Exercise brief →
From the records that follow, return exactly the lines beginning at the one that contains "Internet oszalał! Najlepsze" and ending at the one that contains "B&B Greco Home 陶尔米纳 外观 照片", pictures left out.

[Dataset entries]
┄┄┄┄┄┄┄┄┄┄

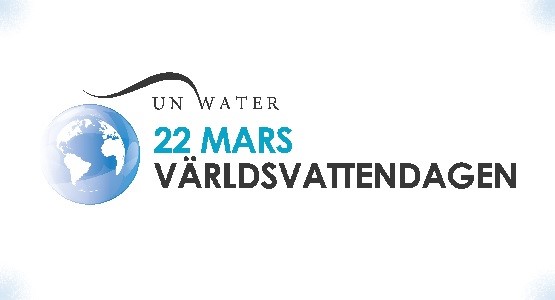 Världsvattendagen 22 mars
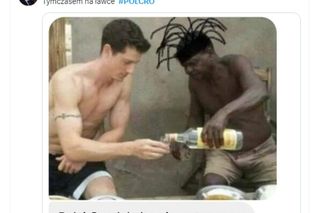 Internet oszalał! Najlepsze MEMY po meczu Polska - Chorwacja 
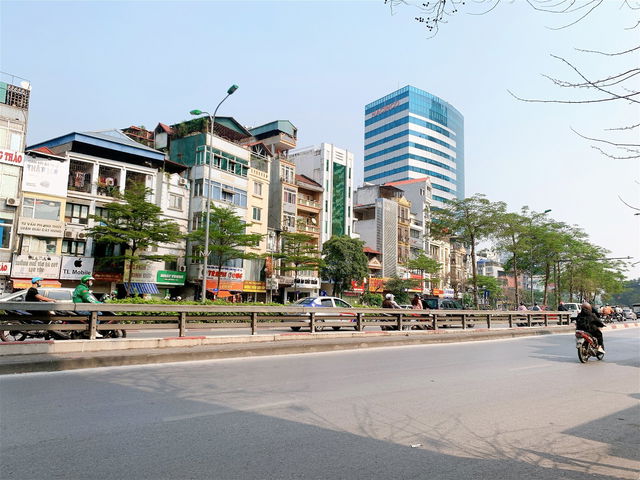 Bán nhà mặt phố Tây Sơn, Đống Đa 75m2, 4 tầng, mặt tiền 4.8m kinh doanh chỉ 32 tỷ - Ảnh 2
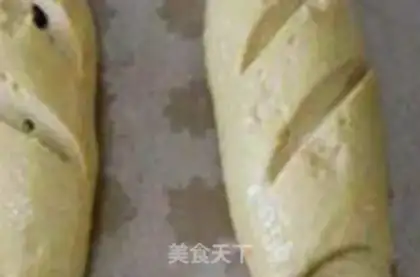 Make Black beer with hard bread step 15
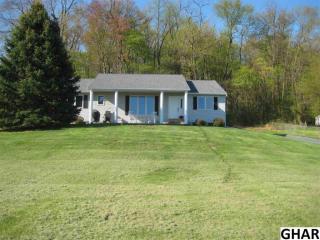 1089 York Rd, Siddonsburg, PA 17019-9009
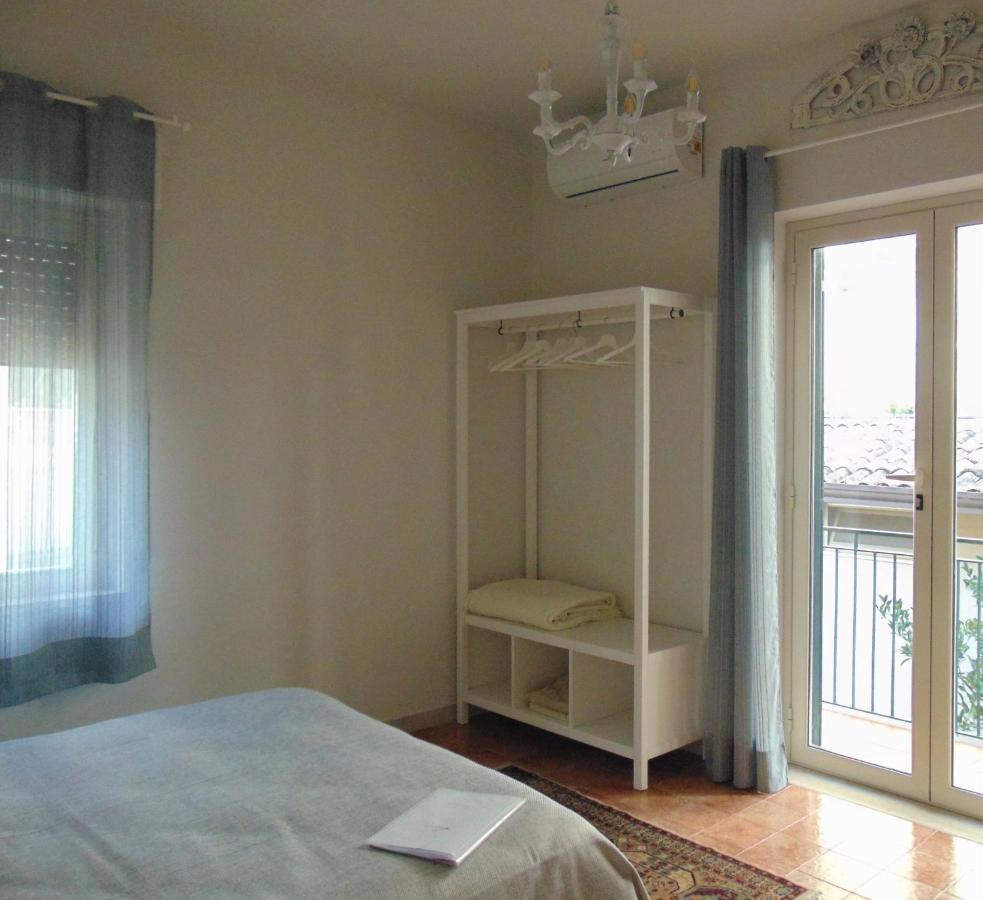 B&B Greco Home 陶尔米纳 外观 照片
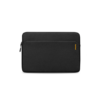 Tomtoc Light A18 Laptop Sleeve Black 13 Inch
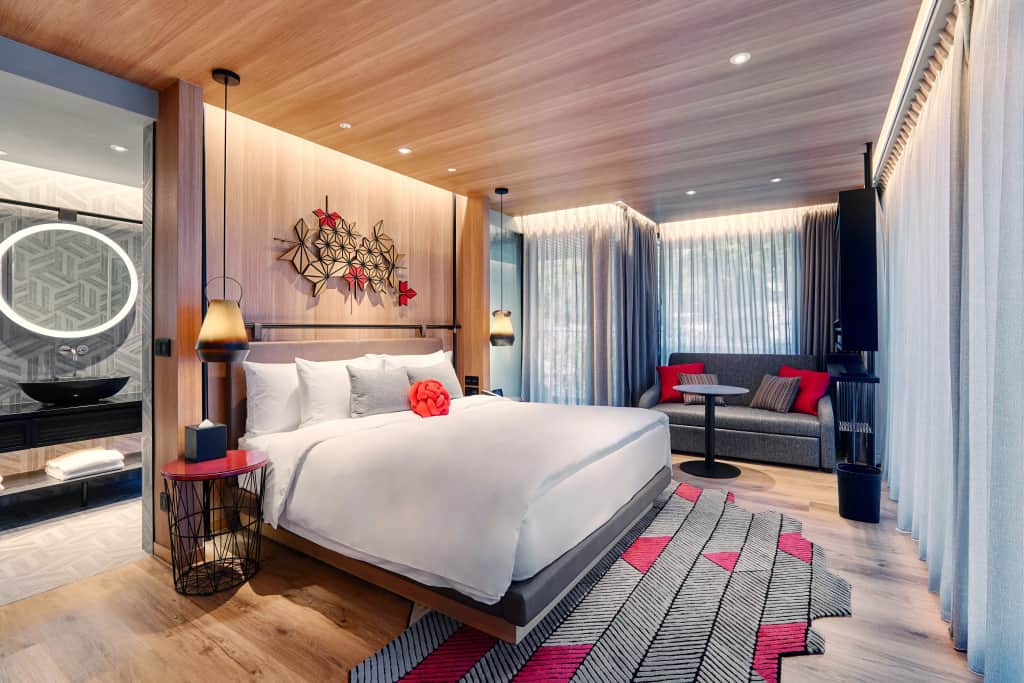 Hotel Indigo Alishan By IHG — photo 3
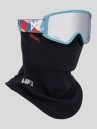 Anon Tracker 2.0 Ptchwrk Kids Maschera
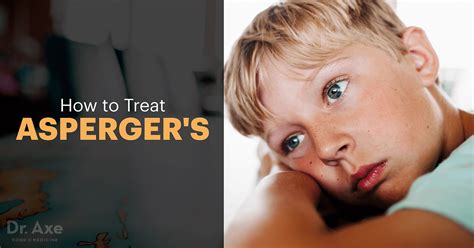In children, for example, there develops an obsessive focus on one idea or item or topic of interest. Asperger's Symptoms & How to Treat Them - Dr. Axe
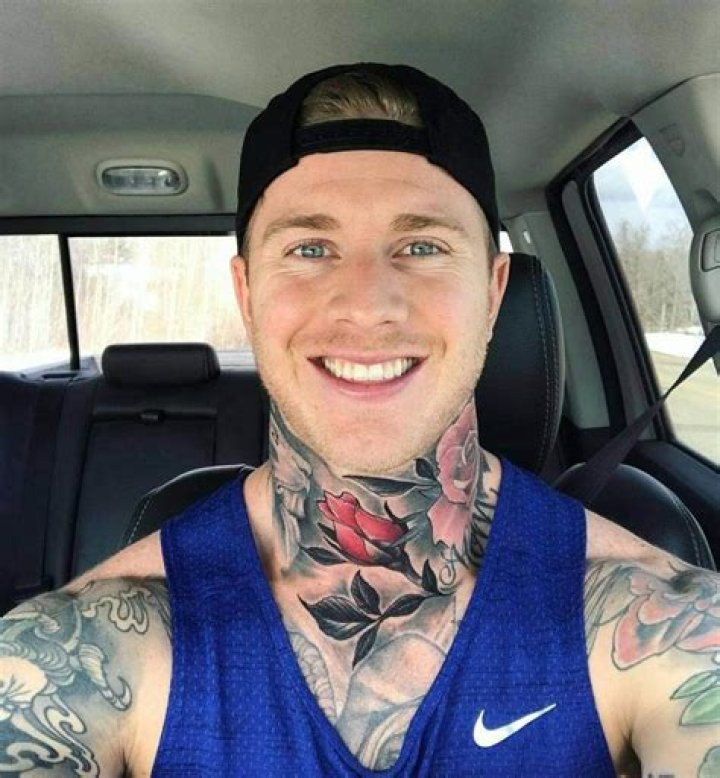 Brook Dede Net Worth, Age, Height, Weight, Family, Wiki 2024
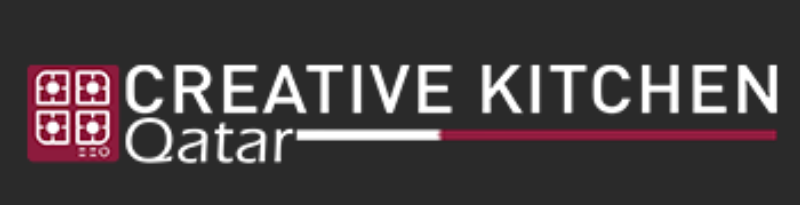 logo Creative kitchen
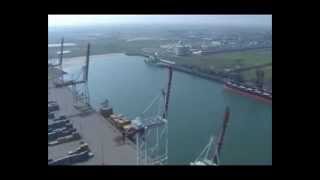 Vidéos de la Ville de Dunkerque ID7 le magazine Dunkerque les grands horizons [upl. by Avi]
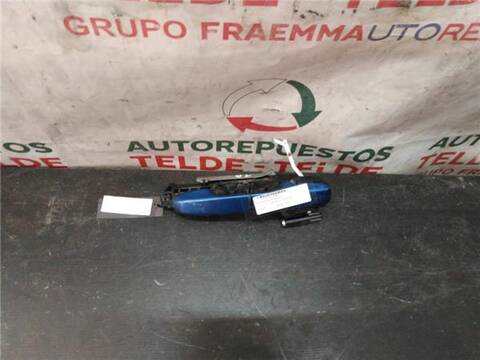 Maneta Exterior Trasera Derecha Toyota Auris 1.8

┄┄┄┄┄┄┄┄┄┄

Task result →
 Internet oszalał! Najlepsze MEMY po meczu Polska - Chorwacja 
 Bán nhà mặt phố Tây Sơn, Đống Đa 75m2, 4 tầng, mặt tiền 4.8m kinh doanh chỉ 32 tỷ - Ảnh 2
 Make Black beer with hard bread step 15
 1089 York Rd, Siddonsburg, PA 17019-9009
 B&B Greco Home 陶尔米纳 外观 照片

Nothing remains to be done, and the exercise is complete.